For much of my childhood, I didn't think of her as a teacher. She got her Education degree from the University of Missouri and quickly locked up a first job at Raytown South Junior High teaching English. Then came love and marriage... and me. Mom saved up all her salary and placed her teaching life on hold to be a full-time parent, living with Dad in the Alpine Village apartments about two blocks away. "We just about wore a hole in the carpeting carrying you around," my father tells me.
She made sure I -- and later, my brother -- didn't slack through school. I zoomed forward in reading and then ran into trouble with spelling. She gave me mock tests at home the night before.
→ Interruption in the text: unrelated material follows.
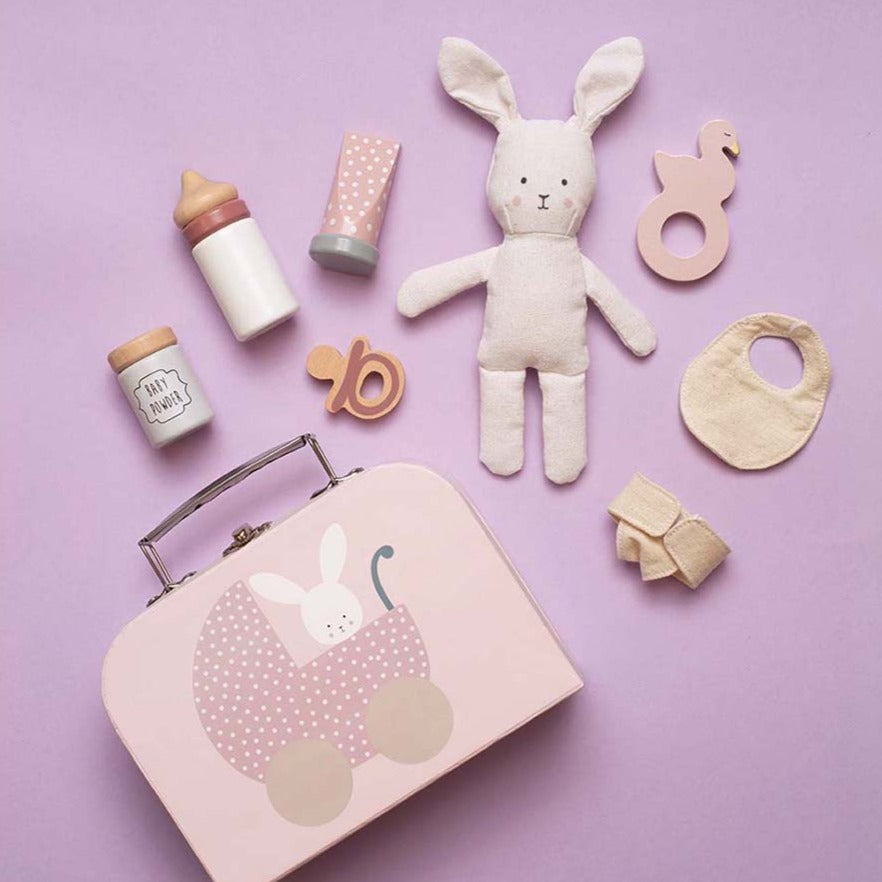 Bunny diaper hot sale bag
Yet she really went out of her way with the math tests. My fourth grade teacher demanded all of us pass a series of timed exams: one minute to answer an entire sheet of basic addition, subtraction, multiplication or division problems with no mistakes. We had to pass each test four times, as indicated by an orange poster on the classroom wall, with a list full of names and gold stars to show how everybody was doing. Mom would make up sheets full of problems and time me with a stopwatch. "You have to keep your wits about you," she said. She could have homeschooled us. If my brother and I had been born twenty years later, she probably would have.
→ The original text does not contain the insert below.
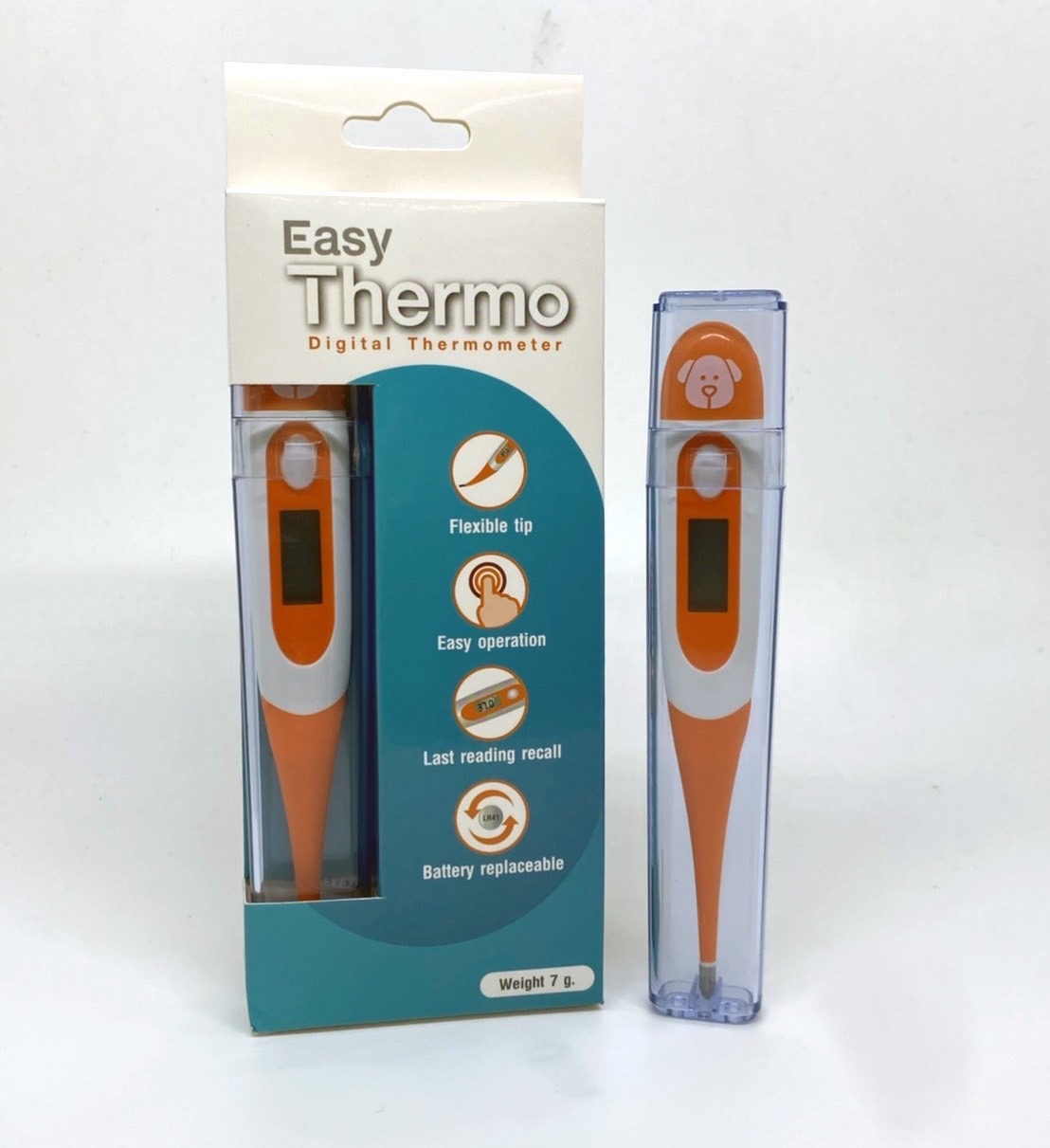 ปรอทวัดไข้ Easy Thermo (สั่งขั้นต่ำ 100 อัน)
When we reached a cruising altitude in our schoolwork, Mom began preparing a comeback. She returned to substitute teaching in the Raytown school district and filled in at the elementary level. This led to a freak occurrence: "Guess what teacher I'm substituting for today?" she told me one morning. "Yours!" For at least two days, I was the most popular kid in class, with everybody telling me how nice Mrs. Francis was. Yeah, they were kissing up. It only lasted two days.
Mom later moved up to the prep level, taking a job at a Catholic high school teaching English, American Literature and Spanish. The paper chase caught up with her, as she spent night after night grading tests and homework and compositions, often sitting in the comfort of bed. I helped out by putting her grade book into a Microsoft Multiplan spreadsheet, which shaved some time off of midterm reports.
Then the Queen Mother decided to go for the crown jewel: her Masters' in Education. She chose a graduate degree that wouldn't require a dissertation or thesis, but her final paper sure felt like one. She had to design a curriculum for a literature course. The monster paper grew to a monstrous thickness, even with help from AppleWorks. During her research phase, I went along with her to the UMKC library and fell in love with its vastness. It stocked just about every conceivable magazine. She took notes and left me to explore, so I pored over Radio/Television Age and wondered why anybody would subscribe to World Marxist Review.
Mom pulled it off just before we moved to St. Louis in 1989. She took a job at an all-girl Catholic school and taught Spanish exclusively. The nature of the workload shifted from the bread-and-butter homework and tests to a system of "packets" that let the young ladies work with a bit more independence. The girls were also better-behaved, giving her sanity a breather.
About a decade later, when Mom and Dad moved to California, she found the state wouldn't reciprocate her Missouri teaching certificate, leaving her to once again teach at a Catholic school. I joked that my Presbyterian mother was "common-law Catholic" for all those years in parochial education headed up by priests and nuns. Mom's been through many a mass on the job.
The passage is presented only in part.